Ex 8 2 25 If A B C D Are In Gp Show A2 B2 C2

Ex 8 2 25 If A B C D Are In Gp Show A2 B2 C2 Ex9.3,25 if a, b, c and d are in g.p. show that . (a2 b2 c2) (b2 c2 d2) = (ab bc cd)2 we know that a, ar , ar2 , ar3, …. are in g.p. with first term a & common ratio r given a, b, c, d are in g.p. so, a = a b = ar c = ar2 d = ar3 we need to sho.
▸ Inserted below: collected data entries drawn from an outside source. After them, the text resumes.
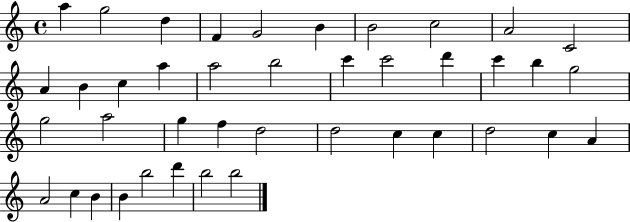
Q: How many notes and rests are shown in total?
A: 41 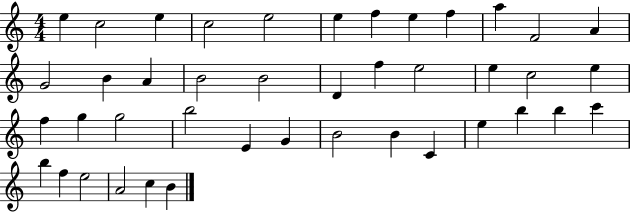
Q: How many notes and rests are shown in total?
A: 42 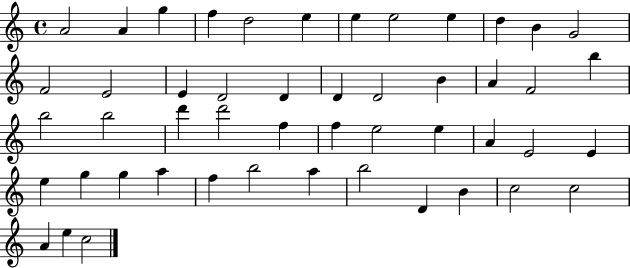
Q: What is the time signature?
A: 4/4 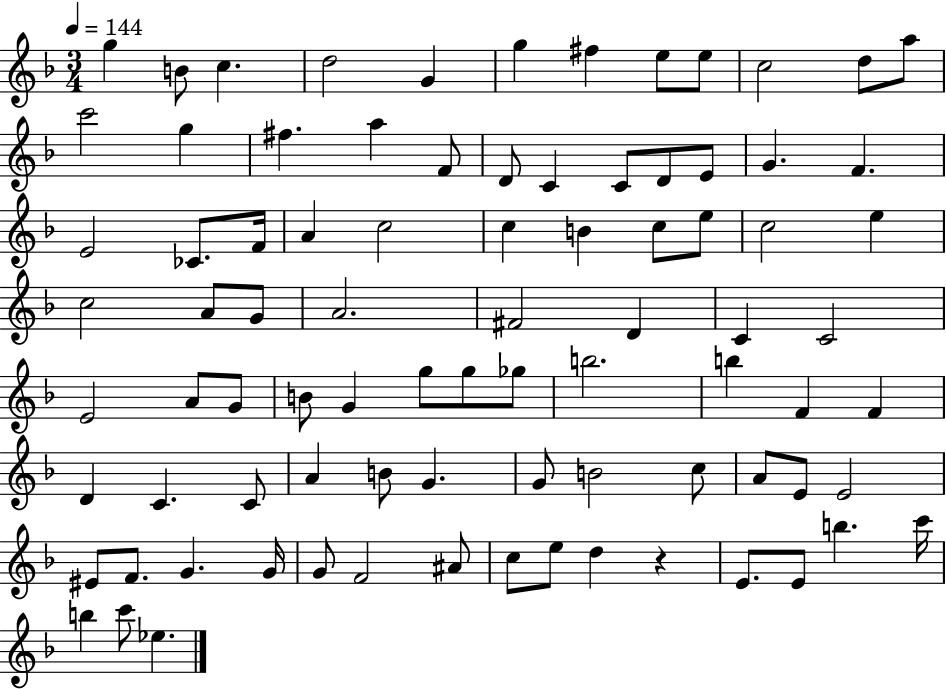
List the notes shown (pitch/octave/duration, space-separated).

If a = 1 b b2 b3 to ∞, then write b in terms of a. in a g.p. of even number of terms, the sum of all terms is five times the sum of the odd terms.
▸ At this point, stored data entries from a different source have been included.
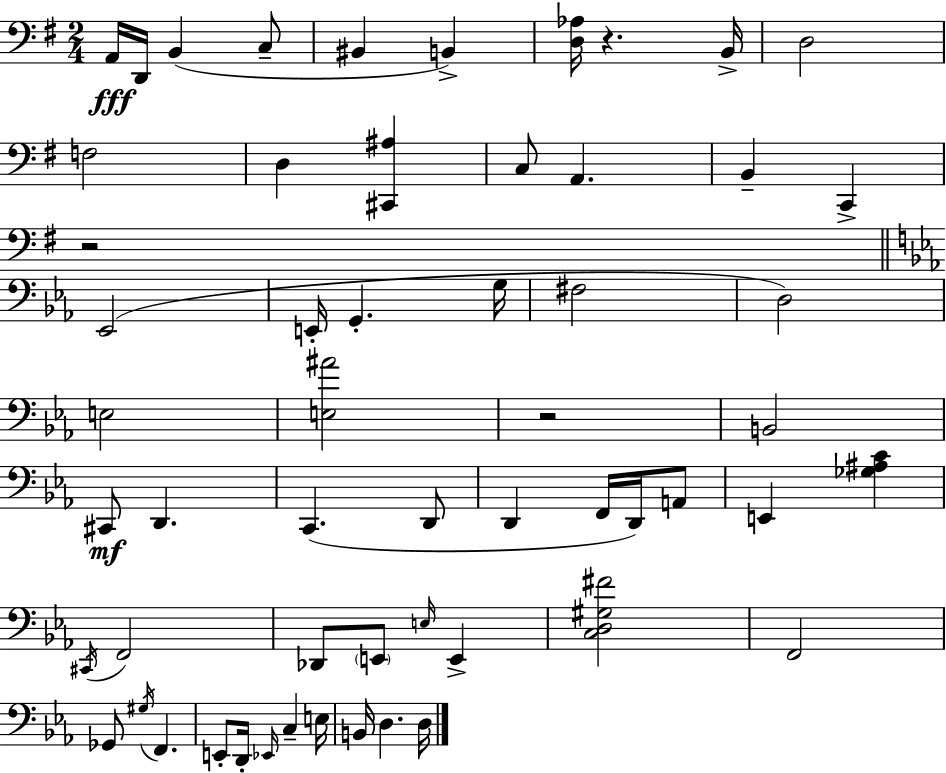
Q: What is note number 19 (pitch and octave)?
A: F#3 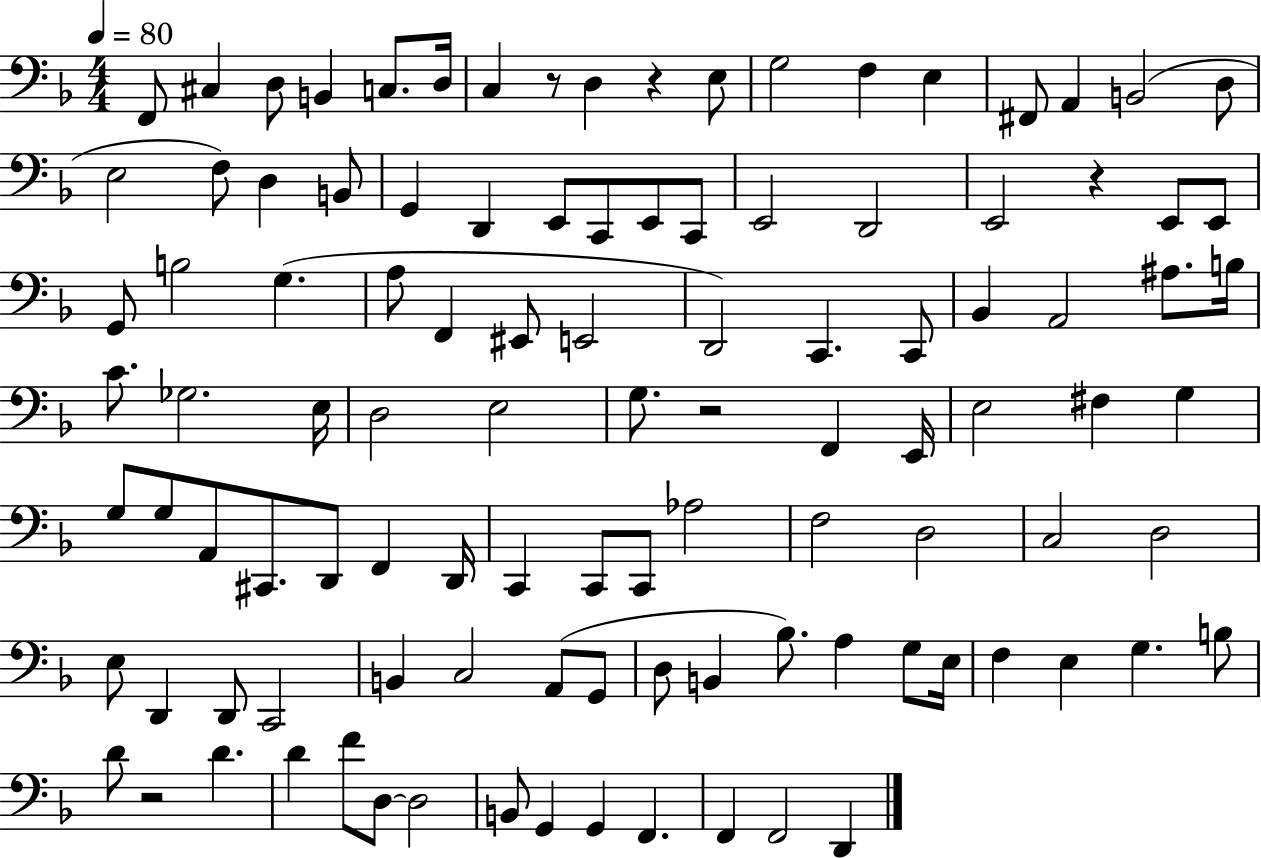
X:1
T:Untitled
M:4/4
L:1/4
K:F
F,,/2 ^C, D,/2 B,, C,/2 D,/4 C, z/2 D, z E,/2 G,2 F, E, ^F,,/2 A,, B,,2 D,/2 E,2 F,/2 D, B,,/2 G,, D,, E,,/2 C,,/2 E,,/2 C,,/2 E,,2 D,,2 E,,2 z E,,/2 E,,/2 G,,/2 B,2 G, A,/2 F,, ^E,,/2 E,,2 D,,2 C,, C,,/2 _B,, A,,2 ^A,/2 B,/4 C/2 _G,2 E,/4 D,2 E,2 G,/2 z2 F,, E,,/4 E,2 ^F, G, G,/2 G,/2 A,,/2 ^C,,/2 D,,/2 F,, D,,/4 C,, C,,/2 C,,/2 _A,2 F,2 D,2 C,2 D,2 E,/2 D,, D,,/2 C,,2 B,, C,2 A,,/2 G,,/2 D,/2 B,, _B,/2 A, G,/2 E,/4 F, E, G, B,/2 D/2 z2 D D F/2 D,/2 D,2 B,,/2 G,, G,, F,, F,, F,,2 D,, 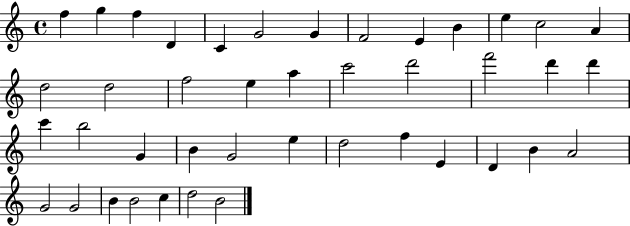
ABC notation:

X:1
T:Untitled
M:4/4
L:1/4
K:C
f g f D C G2 G F2 E B e c2 A d2 d2 f2 e a c'2 d'2 f'2 d' d' c' b2 G B G2 e d2 f E D B A2 G2 G2 B B2 c d2 B2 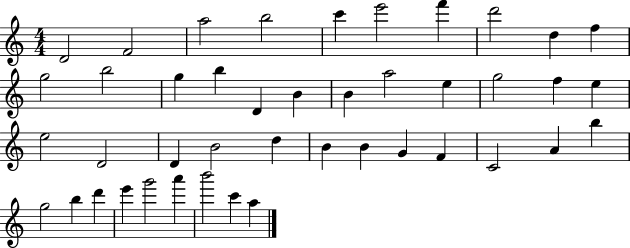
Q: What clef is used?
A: treble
Ex 8 2 25 If A B C D Are In Gp Show A2 B2 C2 Ncert solutions class 11 maths chapter 9 exercise 9.3 question 25. if a, b, c an d are in g.p. show that: (a 2 b 2 c 2) (b 2 c 2 d 2) = (ab bc cd) 2. summary: given that a, b, c, d in g.p we showed that a 2 b 2 c 2) (b 2 c 2 d 2) = (ab bc cd) 2. To show that (ab bc cd)2 = (a2 b2 c2)(b2 c2 d2) given that a,b,c,d are in geometric progression (g.p.), we can follow these steps: expanding both sides will show that they are equal. if a, b, c and d are in g.p. show that (a2 b2 c2)(b2 c2 d2) = (ab bc cd)2. if a,b,c,d be in g.p. show that (b− c)2 (c−a)2 (d −b)2 = (a − d)2. Ex 9.3 class 11 q25 (a2 b2 c2) (b2 c2 d2)= (ab bc cd)2 if a b c d are in gp then (a2 b2 c2) (b2 c2 d2) more. If a, b, c, d are in g.p., then ( (a2 b2 c2) (b2 c2 d2) (ab bc cd)2)= (a) 1 (b) 2 (c) 3 (d) 5. check answer and solution for above question from mat.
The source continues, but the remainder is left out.